There are a million budgets for each person’s situation.
There are many reasons your budget might be tight, but they all have a reason behind them. A tight budget isn’t to punish you. Rather, its a reflection of your personal financial situation and goals. Consider these scenarios:
- You may make a good income but have a lot of payments you make each month toward debt, kid’s swimming lessons, daycare, so your budget is tight because you decided to continue to do all the things because kids are damn expensive but also need to learn water safety skills.
- Maybe you have a lower-end income and struggle to pay your electric bill each month so your budget is very sparse yet still tight.
- Perhaps you are very aggressively moving forward in your debt payoff journey and have intentionally created a restrictive budget to cut spending from other categories so you can throw as much money as possible at your debt each month.

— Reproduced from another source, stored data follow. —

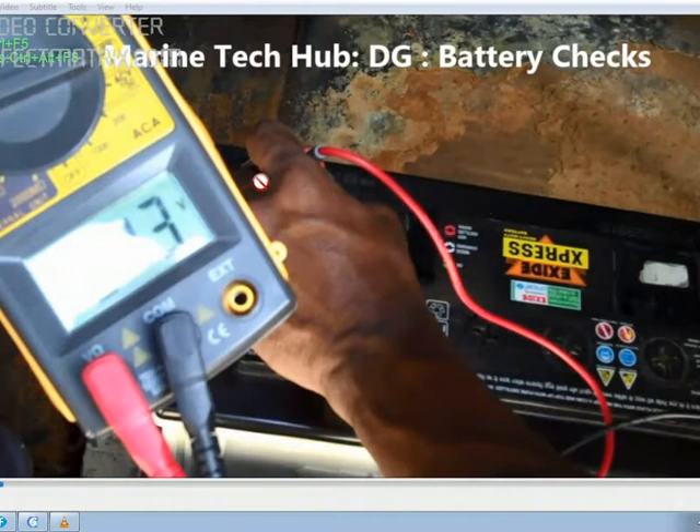But when you remove the terminal, the voltage will be less. In a real scenario, we have to check the battery condition by starting the generator. The voltage should not dip too much — if it is dipping too much, that means the condition of the battery is not good.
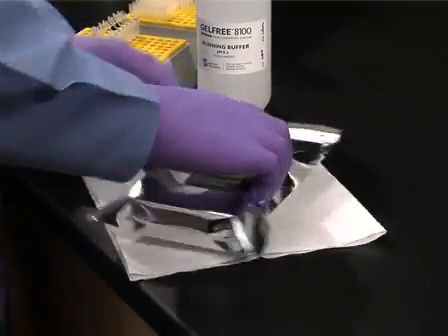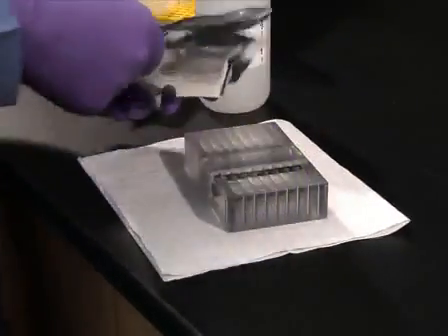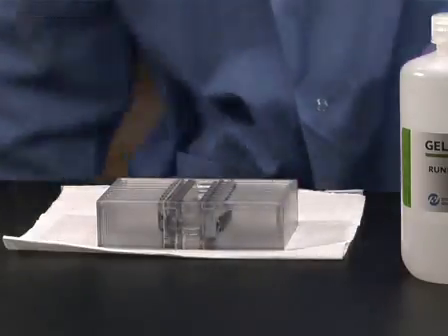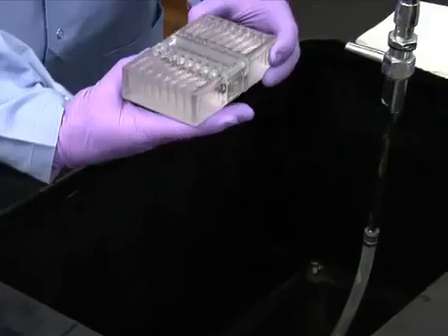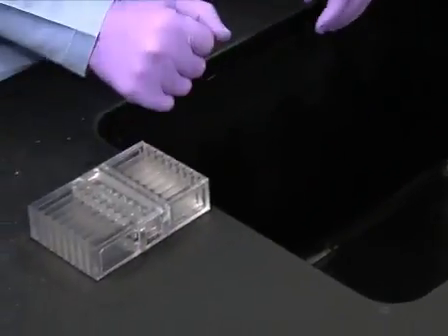While the samples cool, remove the GelFree 8100 cartridge from the foil pouch. Remove and discard the plate sealer. Remove the storage buffer from the cartridge compartments using a pipette. If all eight chambers of the cartridge will be used, invert the cartridge to drain the storage buffer from the compartments.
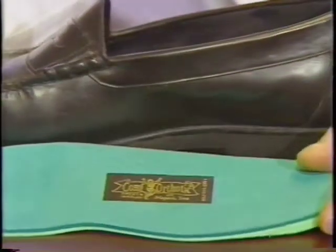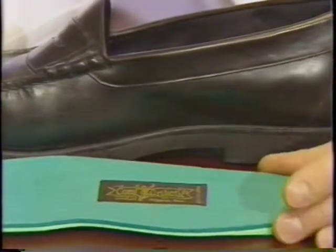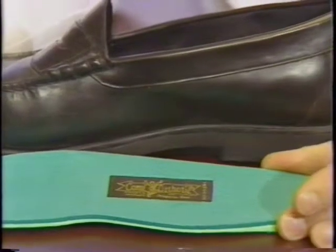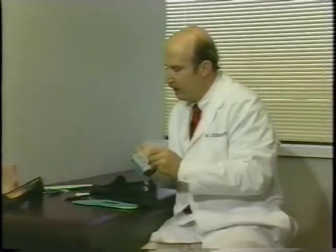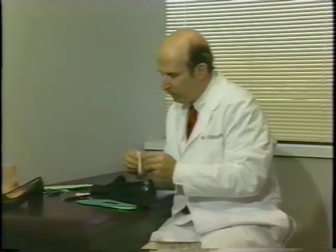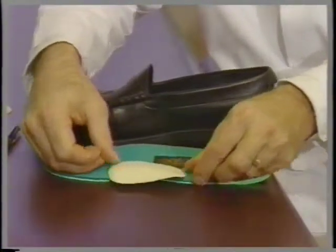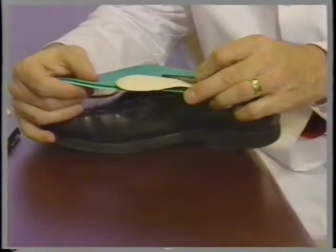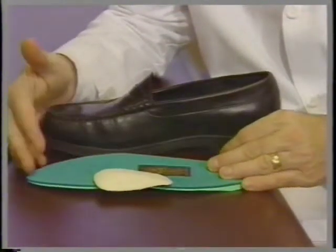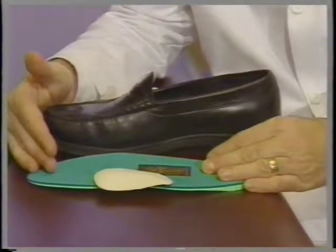Another trick in placing a pad in a sneaker: many times there are removable insoles, and you can take the insole out of the shoe, step down on it, and feel where the painful area might be. If you're placing a longitudinal arch pad, it often goes a little bit to the inner border of the insole. You can then slip the insole back into the shoe and see if you have a good fit. Some find it easier to place the pad on the insole outside the shoe first.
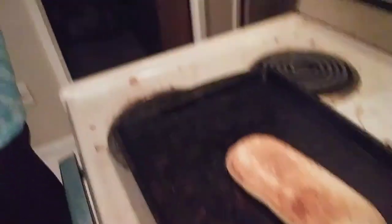Alrighty you guys, so the bread has been toasted. I'll go ahead and show you that. You want to set it on broil.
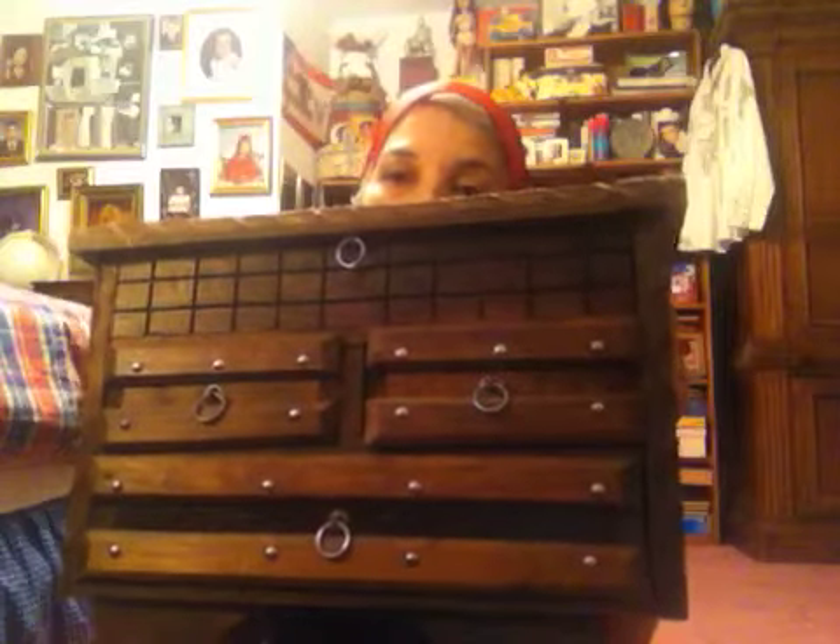Hey guys, I'm going to do a video on my jewelry collection and I'm going to show you the jewelry box first. I've looked a little bit through it already and I was a little overwhelmed by everything I have in this box, because I have a ton of watches. I hope I can get through the video without boring you to death or without running out of time, but this is a huge jewelry box.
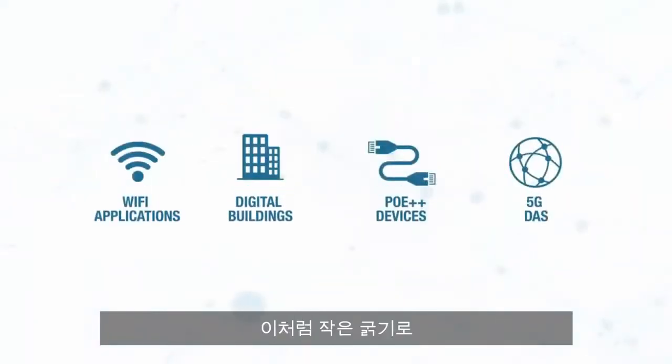This unique combination of small size and performance makes the Verimatrix HD the ideal cable for your network.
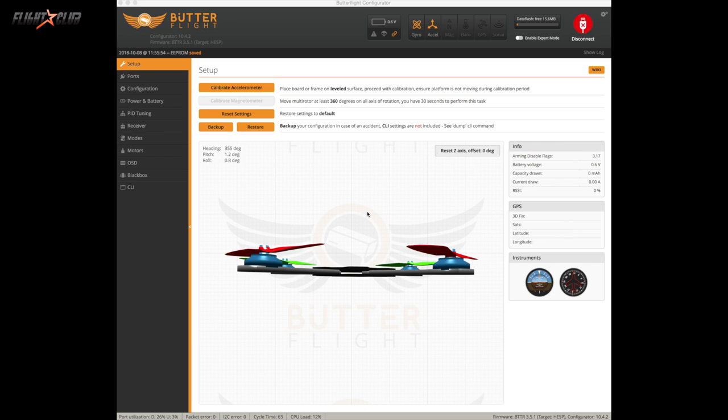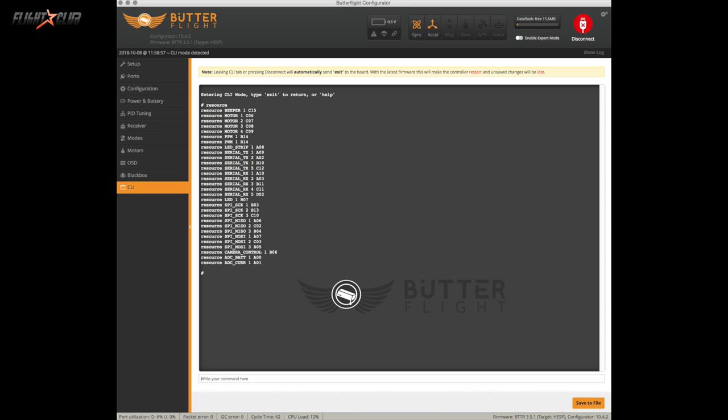Once you have the RealPit connected, I'll show you the Butterfly and Betaflight settings — they are exactly the same. I'm using the Helio Spring flashed on Butterfly. First, reset the settings and go from scratch. Go to CLI and type 'resource'. Since we're using UART3 on the Helio with the signal wire going to the RealPit on RX3, note that RX3 is assigned to B11 on default — though it could be different on different flight controllers.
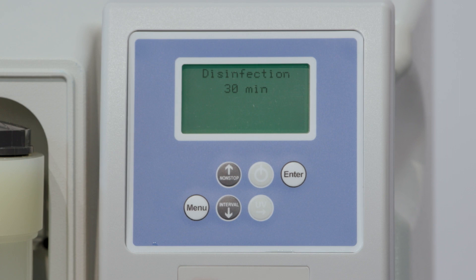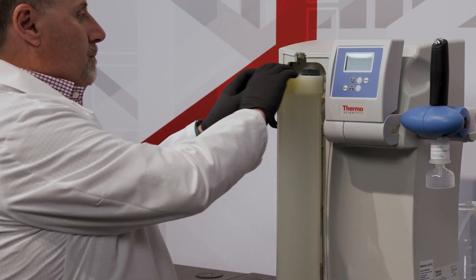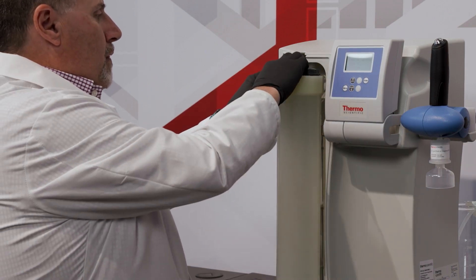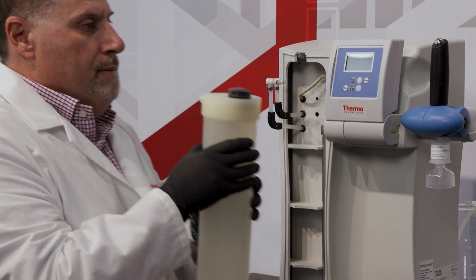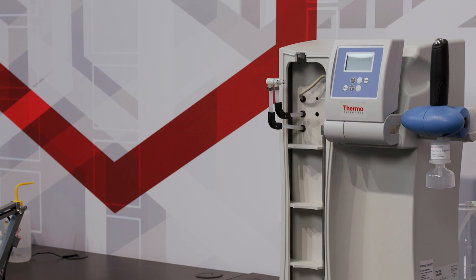When the cycle is complete, remove the disinfection cartridge and empty and dry it. Save the disinfection cartridge for later, storing it in a cool dry place. You're now ready to install a new UltraPure cartridge.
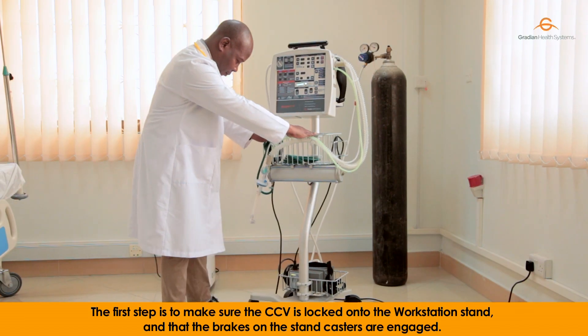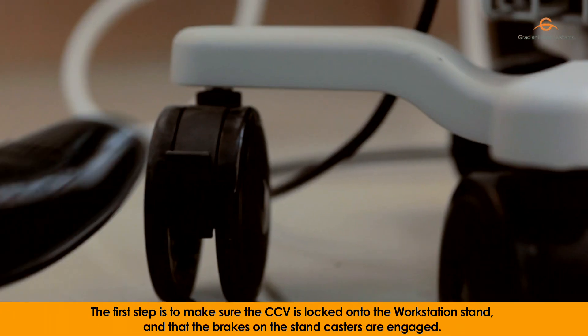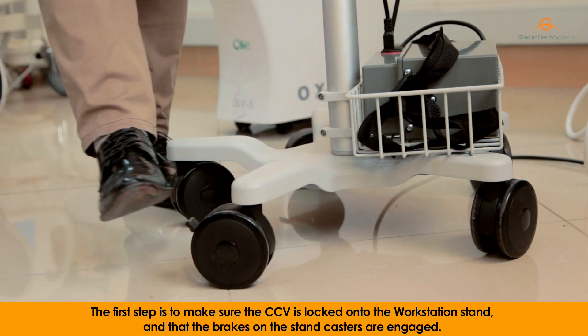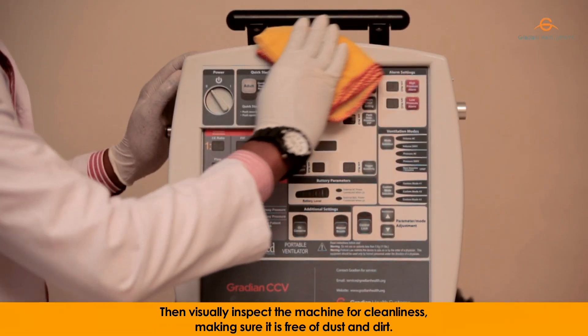The first step is to make sure the CCV is locked onto the workstation stand and that the brakes on the stand casters are engaged. Then visually inspect the machine for cleanliness, making sure it is free from dust and dirt.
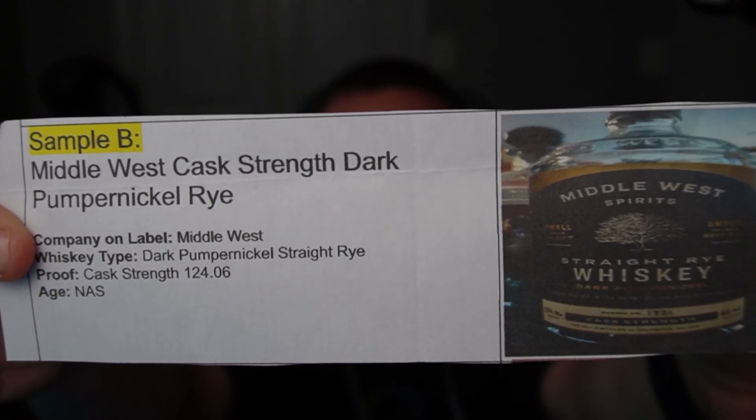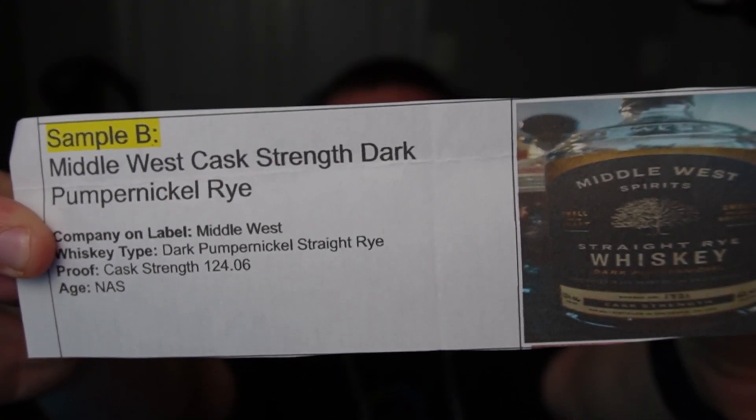Oh boy, oh boy, oh boy — well I can see why I've never had this before, you are right Randy. So it's Middle West cast strength dark pumpernickel rye at 124.6 proof, no age statement. I have seen this bottle before but I've never tasted it, so this is my first pumpernickel rye I've ever had. You really threw me off with some of these — and obviously this one's not a finish, but still.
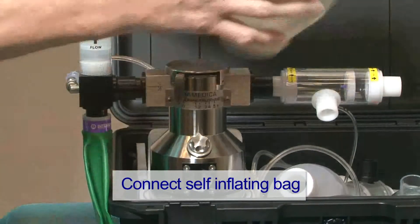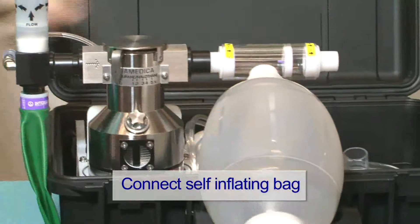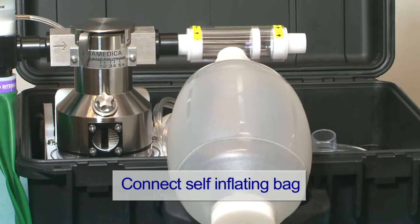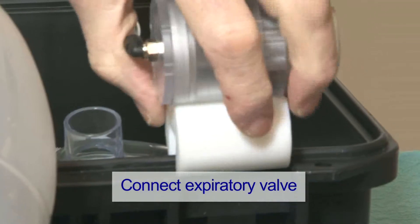Connect the self-inflating bag to the front of the clear valve section. Connect the expiratory side of the valve to the case.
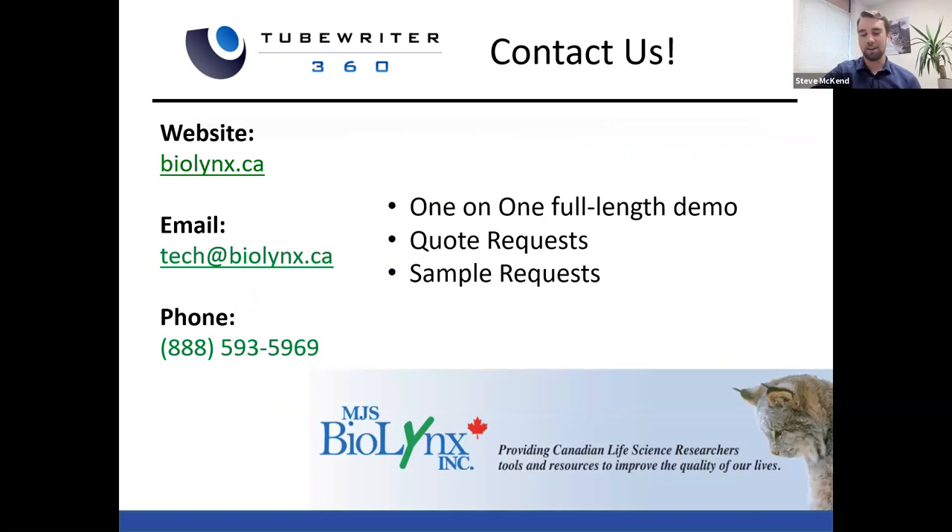Thank you everyone for taking the time today, and thank you for your questions. If you're interested in learning more about the TubeWriter, if you'd like a one-on-one full-length demo with Bud and your team, or you'd like a quote or a sample request, please feel free to contact us by website, email, or phone, and we'd be happy to help. Thank you for joining us today. I hope you enjoyed the demonstration, and don't forget to check the mail for your little printed card.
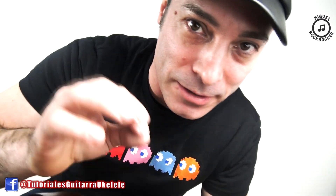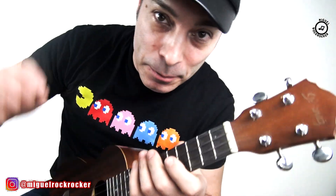Hello, how are you? I'm Miguel Reyes, I'm here to show you how to play your favorite songs. And now, with the ukulele, we're going to do Pa Mi.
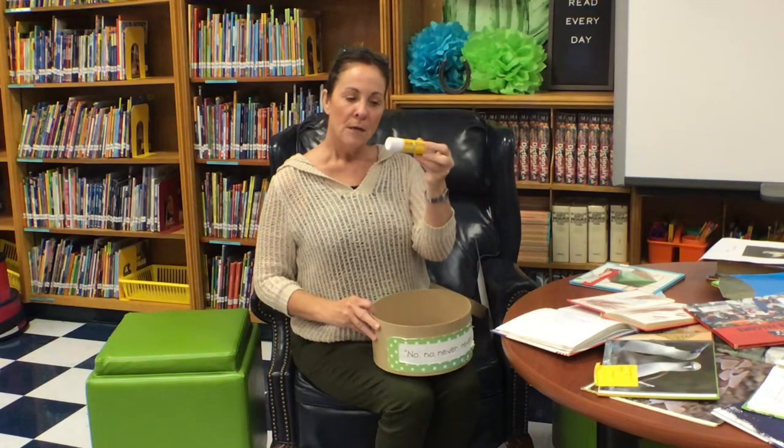We have glue in our no-no-never-never box. Boys and girls, we don't use glue around library books, and we never ever glue pages on purpose. That happened one time — do you think Ms. Williams was disappointed and upset about that? I was very, very sad because a child chose to glue pages together and had to buy me a new book. So we don't ever, ever want to do that — that's a no-no-never-never for sure.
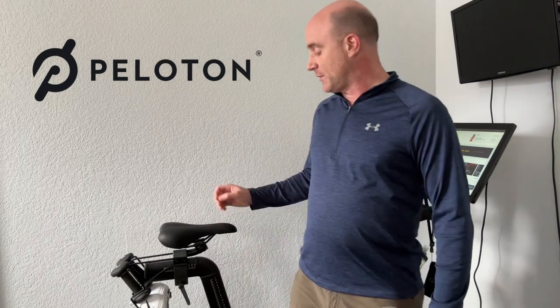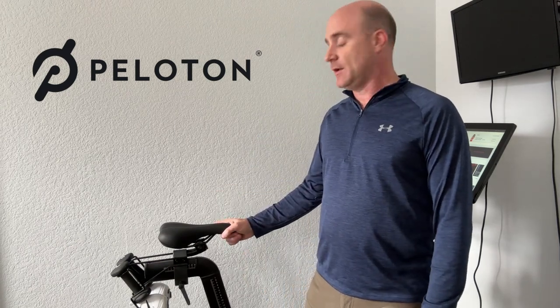Hello and welcome to the channel. Let's talk a little bit about seats today. Right now I've got the seat that came with the Peloton on it, and for a lot of people that's going to be a fine seat. I know you probably came to this video to see what my favorite seat is, and I'm going to show you that in just a bit.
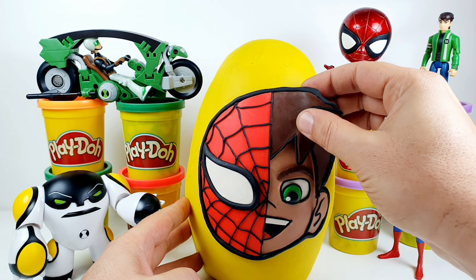Inside we have the Spider-Man. Very nice and cool.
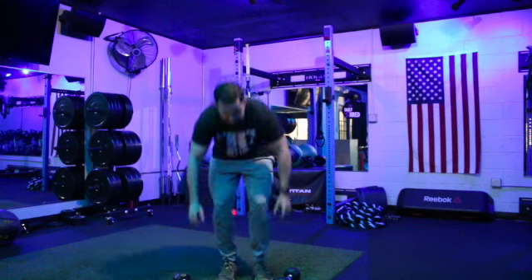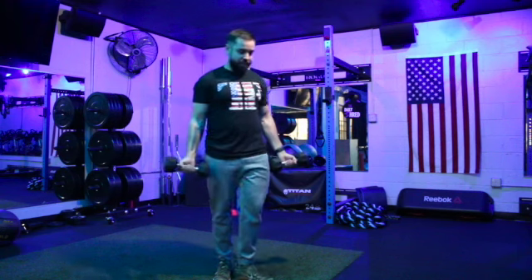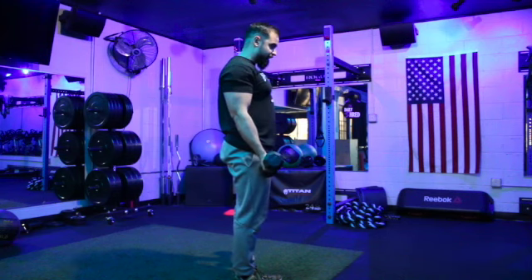You're going to start by grabbing two dumbbells. It's a pretty simple movement, but there are ways to cheat on this. You're going to want to stand nice and tall, palms facing forward. Then squeeze your shoulder blades back and glue your upper arms into your sides.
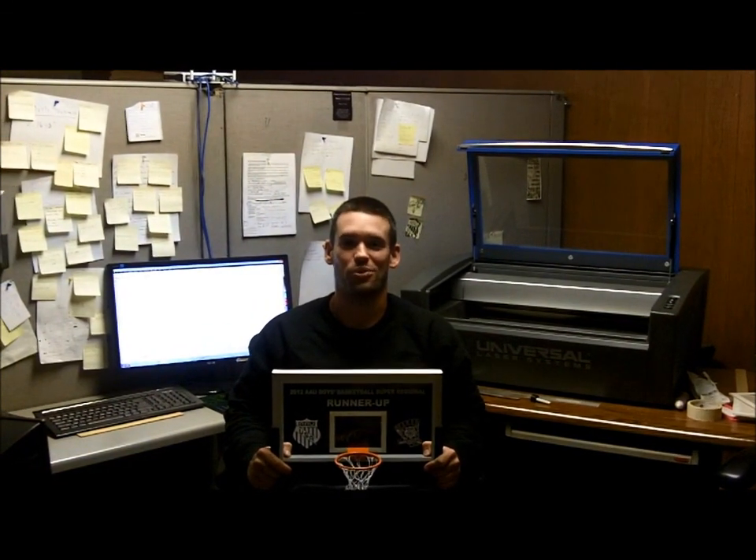That was a quick overview of the mini backboard product. If you have any questions about becoming a dealer or the product itself, please give us a call or shoot us an email. Thanks for watching, and we look forward to working with you.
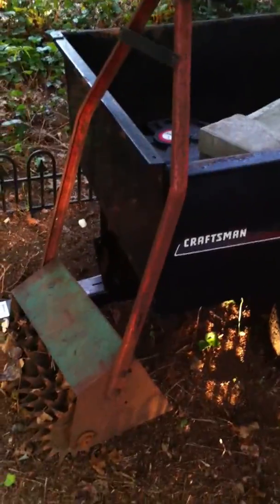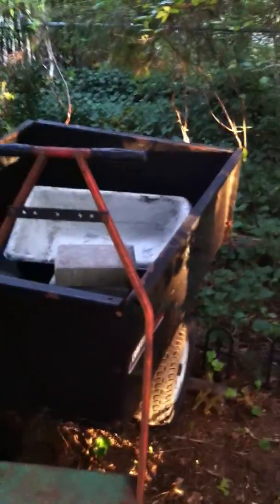My old trailer — I brought that back to the guy. I don't need it anymore. This is my new trailer, so this is what I use now.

The solutions to lessening the tightness in each of these budgets are different as well. For the first, you could cut some spending on items you consider less important so you can have some breathing room and money going into savings. For the second scenario, if your budget is already gaunt prospector tight and you are struggling to pay your bills, then you probably have an income problem and/or a fixed living expenses problem which might mean you need a new job, a side hustle, a cheaper place to live, or all of the above. And in the third, a super restrictive debt payoff budget can eventually burn you out so if you feel yourself nearing that burnout I suggest you loosen your grip a little and give yourself some money each month to do something enjoyable like dining out at a favorite restaurant or going to the movies. No need for a huge splurge, but cutting very unnecessary dollar can lead to a boring life which can lead to an overcorrection and spending spree.
Whatever type of budget you have, restrictive or loose, detailed line by line tracking or loose categories, you get to choose what your budget looks like. You get to choose the type, the categories, and the amounts in each category. You get to choose how you will track your spending. You get to choose how much money to allocate to cigars, coffee, or takeout each month. You get to make those decisions. Sure, there are some good targets to shoot for and ideally you want to be able to afford your bills, have some money for fun and comfort, and sock a little away for the future. But first, just start where you’re at.
If you are new to budgeting, just start by making the categories, dividing up your income and deciding how much should go into each category, then track your spending to see if you can follow your plan. And recalibrate next month to shift your spending to better meet your goals. Attempting to use a budget to reinvent yourself and your spending habits overnight will only backfire. Work with yourself and your habits, make small stick-to-it-able changes, and go from there.